» How to complete this task
From the records below, extract all the text exactly and leave the images behind.

[Dataset entries]
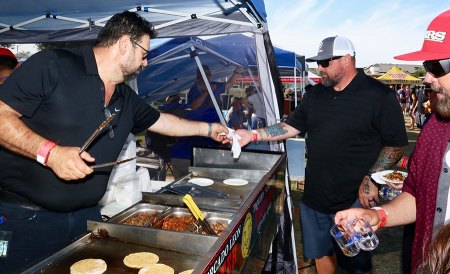 Super Mercado Leon handed out tacos to long lines all evening.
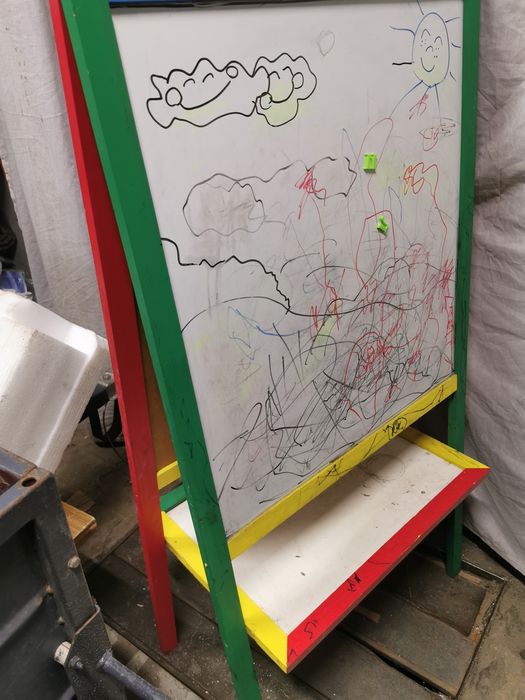 Двосторонній мольберт Komarovtoys М404 з магнітною дошкою длямалювання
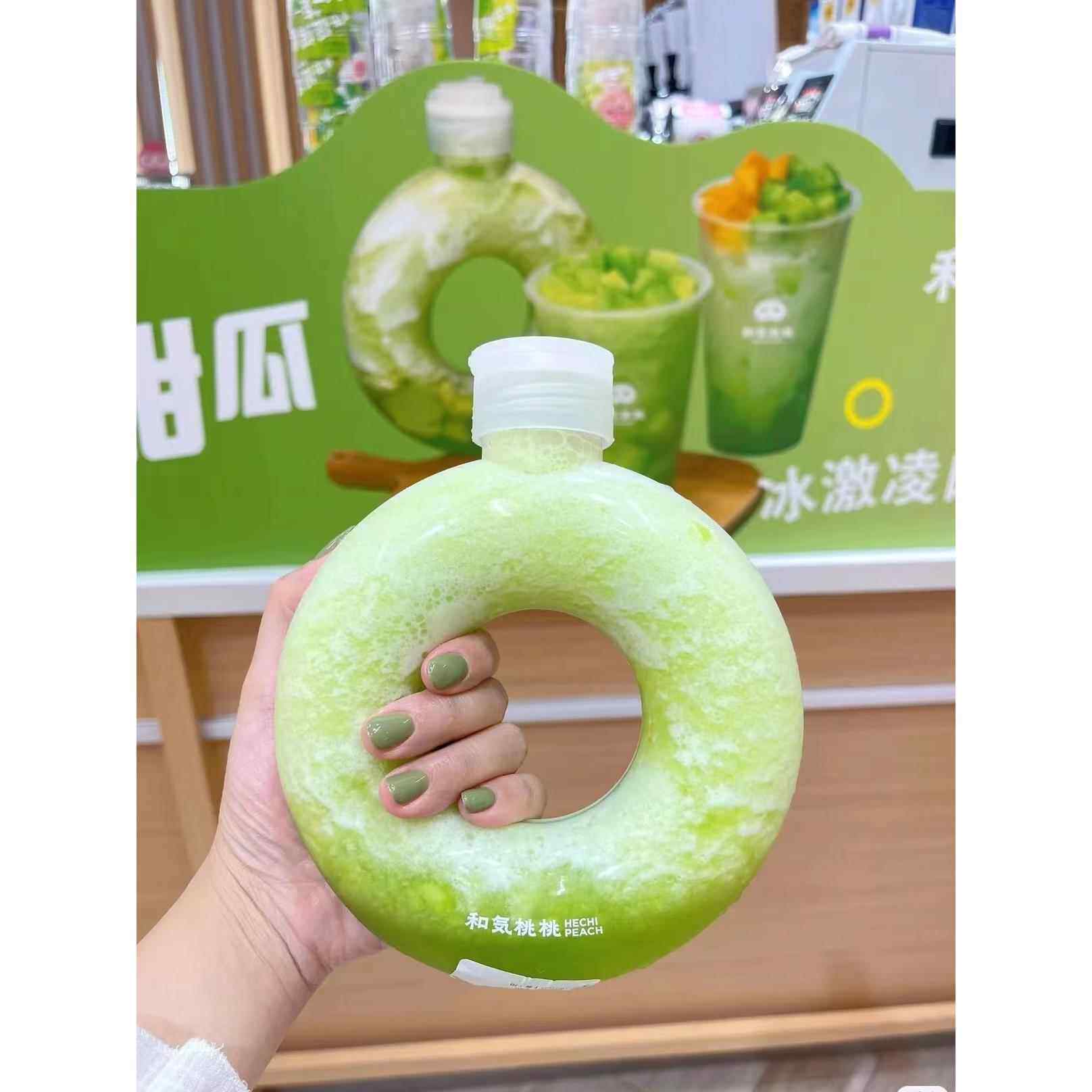 新品创意圈圈瓶500mlpet杯子饮料瓶带手提绳甜甜圈瓶子手环瓶网红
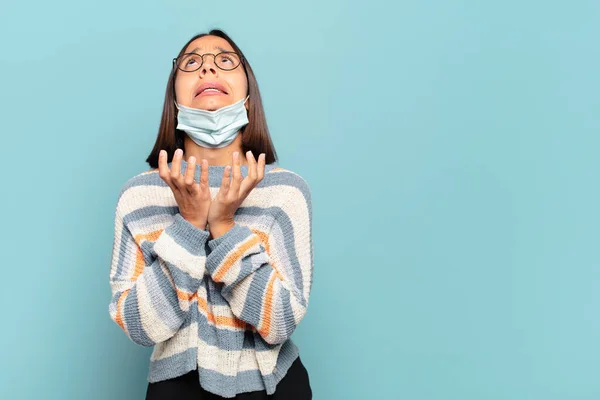 Giovane Donna Ispanica Dall Aspetto Disperato Frustrato Stressato Infelice Infastidito — Foto Stock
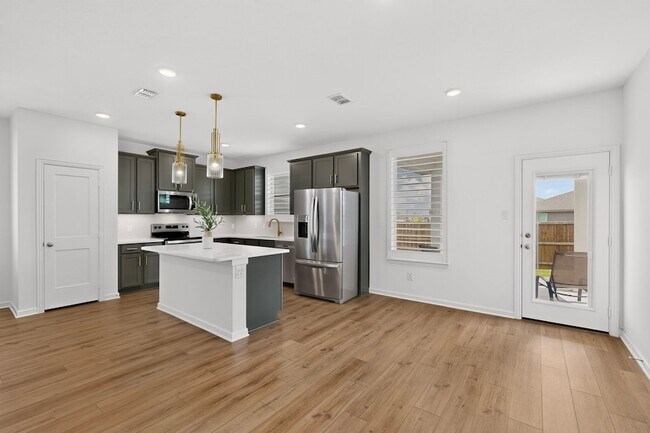 Building Photo - 114 Drovers Dr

» Exercise solution
 Super Mercado Leon handed out tacos to long lines all evening.
 Двосторонній мольберт Komarovtoys М404 з магнітною дошкою длямалювання
 新品创意圈圈瓶500mlpet杯子饮料瓶带手提绳甜甜圈瓶子手环瓶网红
 Giovane Donna Ispanica Dall Aspetto Disperato Frustrato Stressato Infelice Infastidito — Foto Stock
 Building Photo - 114 Drovers Dr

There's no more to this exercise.